Dining in Egypt

Overview by Globlatrade.net:
Categories of Restaurant
  • Basic restaurants
Simple dishes: kebabs, chicken, mouloukhya, good value for money. Sometimes it is self-service.
  • Medium restaurants
With proper service and a more varied menu of good Egyptian cuisine.
  • High-end restaurants
Impeccable service and good quality cuisine, often international, the decoration and the profile of the place are distinguished.
Rules For Eating Out
Restaurants are generally open from noon to the end of the evening.  Payment is after the meal except in the fast food restaurants.  For medium and high-end restaurants, a 25% tax is generally added to the final bill.  If satisfied, the tip should be between 10 and 15%.

Price Indications

Economy Meal Up to EGP 15
Medium Price Meal EGP 15 - 75
Good Quality Meal Over EGP 75
Food Specialties
The main specialties are:
The fuul: a beans puree usually served in a piece of shami (bread similar to the pita).
The ta'amiya or falafel
The koshari: a platter of noodles, rice, black lentils, fried onions and tomato sauce.
The molokhia: stew of minced molokhia (Jew's mallow) leaves served in sauce with rice or bread.
Black tea is the national drink par excellence.

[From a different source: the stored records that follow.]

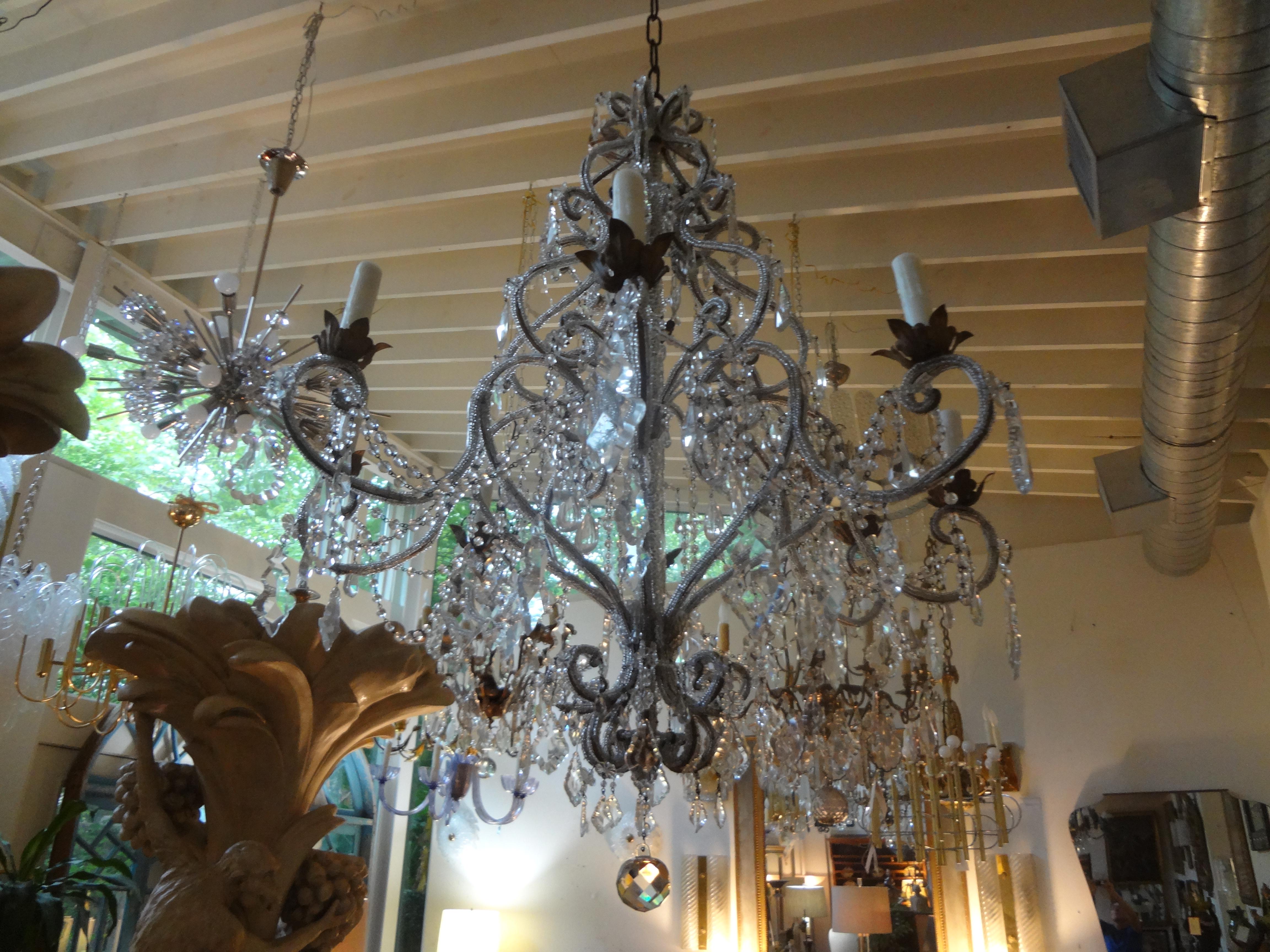 Rococo Monumental Italian Beaded and Crystal Eight-Light Chandelier-Maison Baguès Style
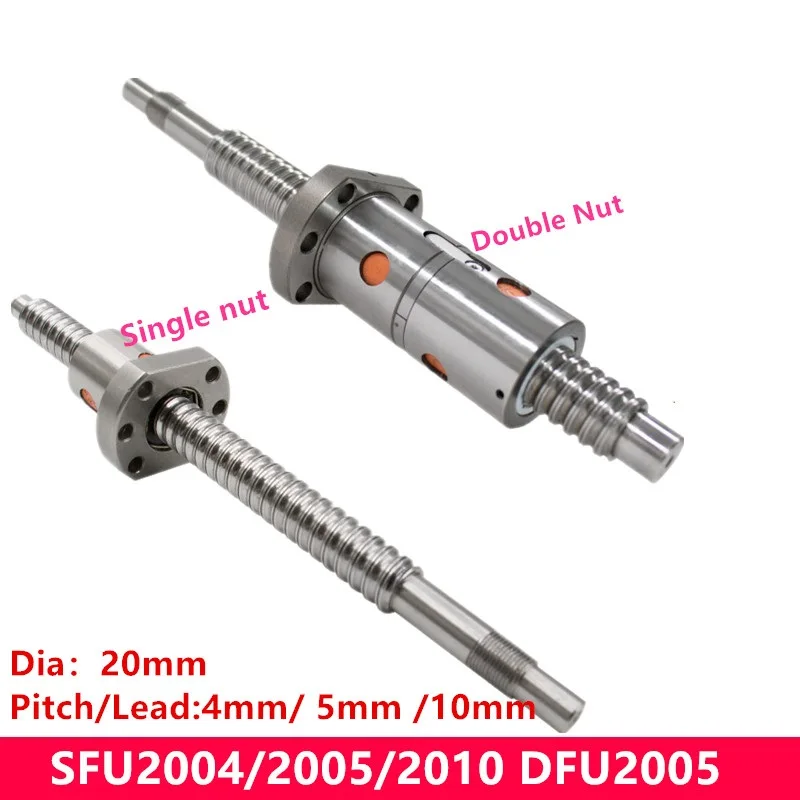 1 шт. 250 300 350 400 450 500 550 мм SFU 2005 2004 2010 20 CNC свинцовый шариковый винт с шариковой гайкой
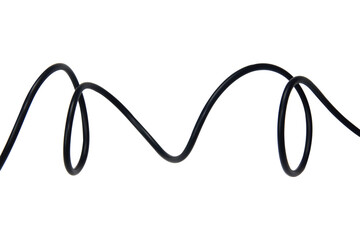 Black wire cable of usb and adapter isolated on white background with clipping path.Electronic Connector.Selection focus.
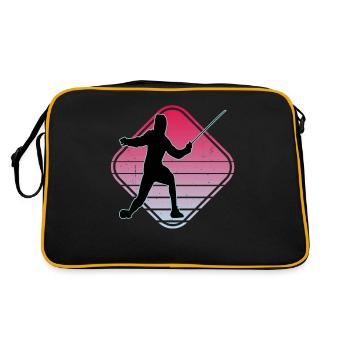 Fechten Fechtsport Fechtkampf Sportfechten - Retro Tasche - Schwarz/Gold - Hinten
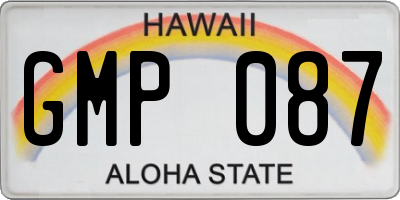 HI license plate GMP087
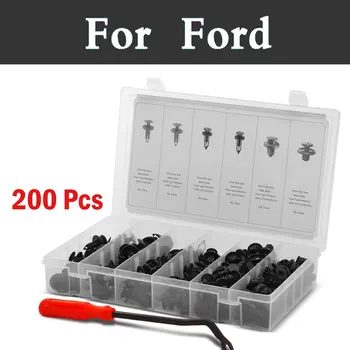 

200pcs Car Replacement Kit Remover Set Case Rivets For Ford Fusion Kuga Maverick Mondeo Mustang Taurus Thunderbird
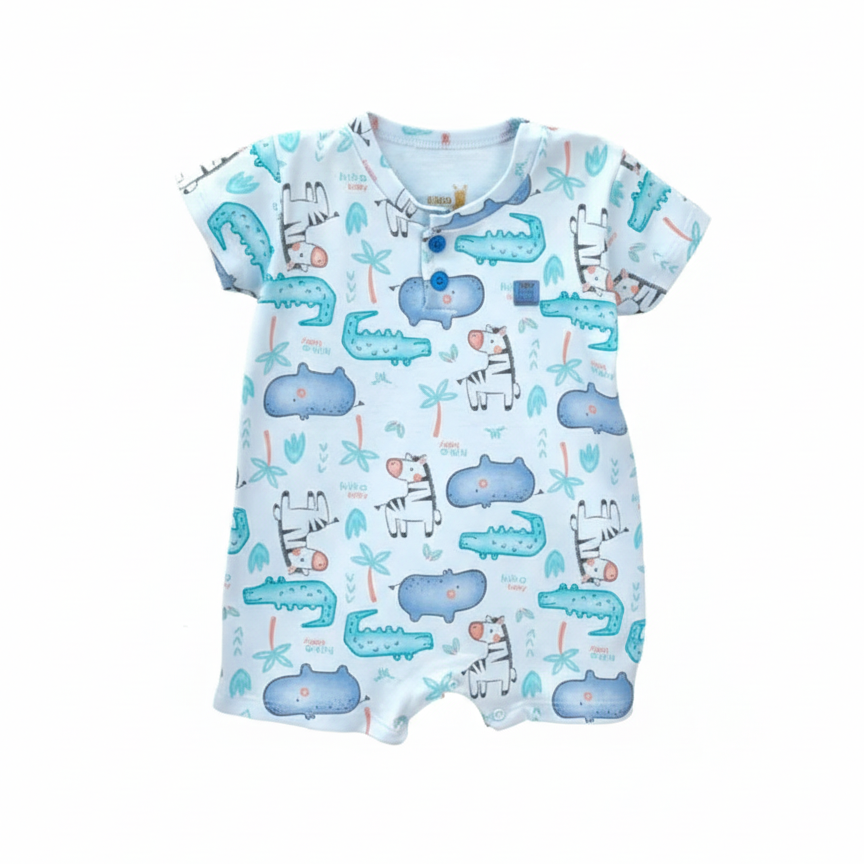 Macacão Masculino Kiko Baby Safari Manga Curta – Conforto e Estilo para o dia a dia do bebê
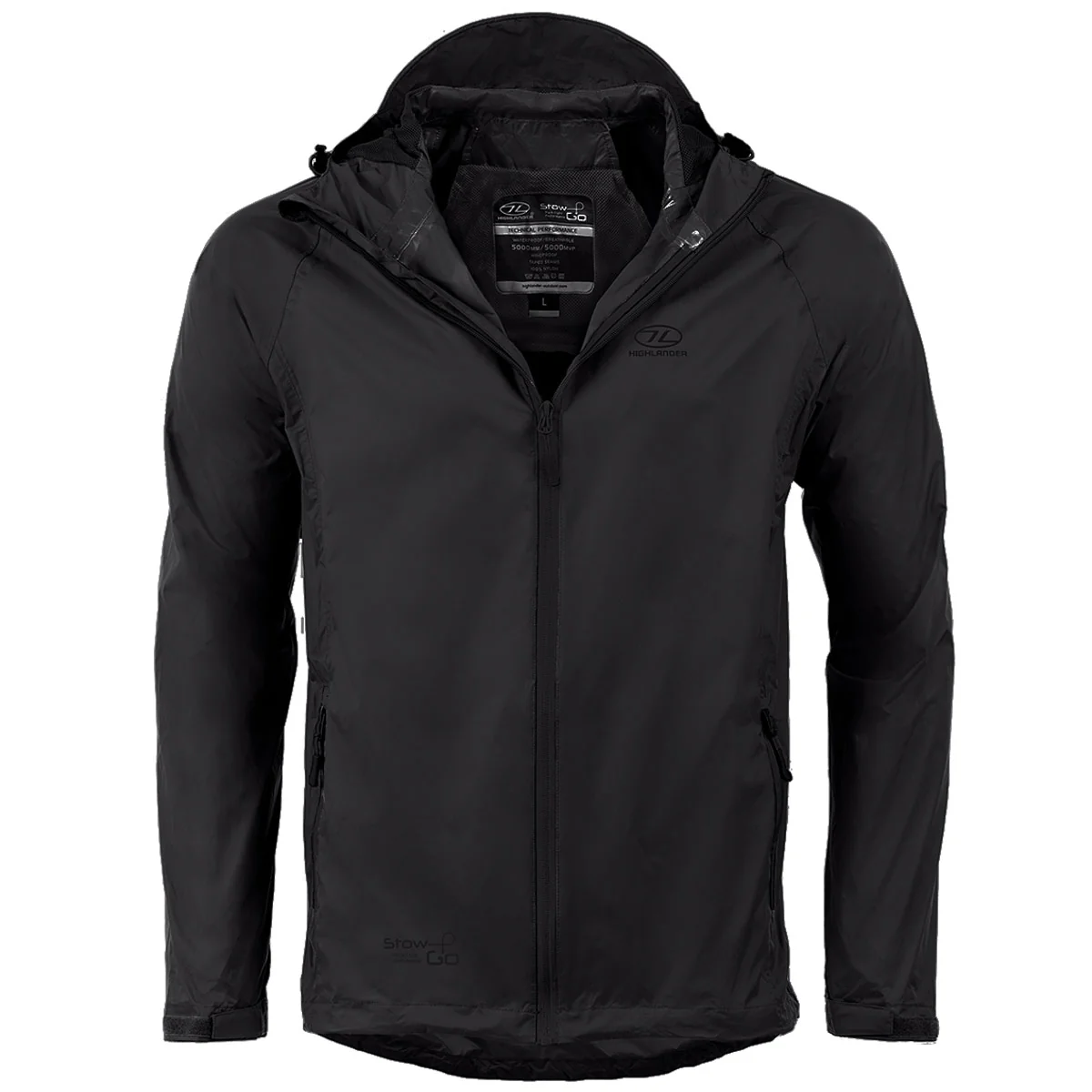 Highlander Stow & Go Waterproof Jacket Black - Image 3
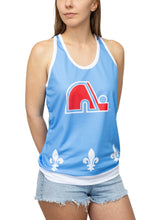 Load image into Gallery viewer, Quebec Nordiques Retro Alternate Women's Racerback Hockey Tank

It is easy to buy alcohol in various local stalls or in hotels. During the month of Ramadan, it is more difficult to find alcohol. You have to be careful with the locally brewed alcohol since it could be adulterated. Egypt has several labels of local beer such as Stella or Saqqara and several wines like Omar Khayyam or Obelisque.
Dietary Restrictions
Pork is forbidden for Muslims. However, because of the presence of a strong Christian community, it is possible to buy pork in some grocery stores or even get it served in some restaurants.
Table Manners
Meals are taken at the table in restaurants.  At home, and especially in rural areas, meals are taken seated on the floor.  Eating with hands is not impolite and is common outside medium and high-end restaurants.  Looking at the neighbor's plate is impolite. Leaving food on the plate and on the table is a sign of politeness and communicates to the host that he/she has been sufficiently generous.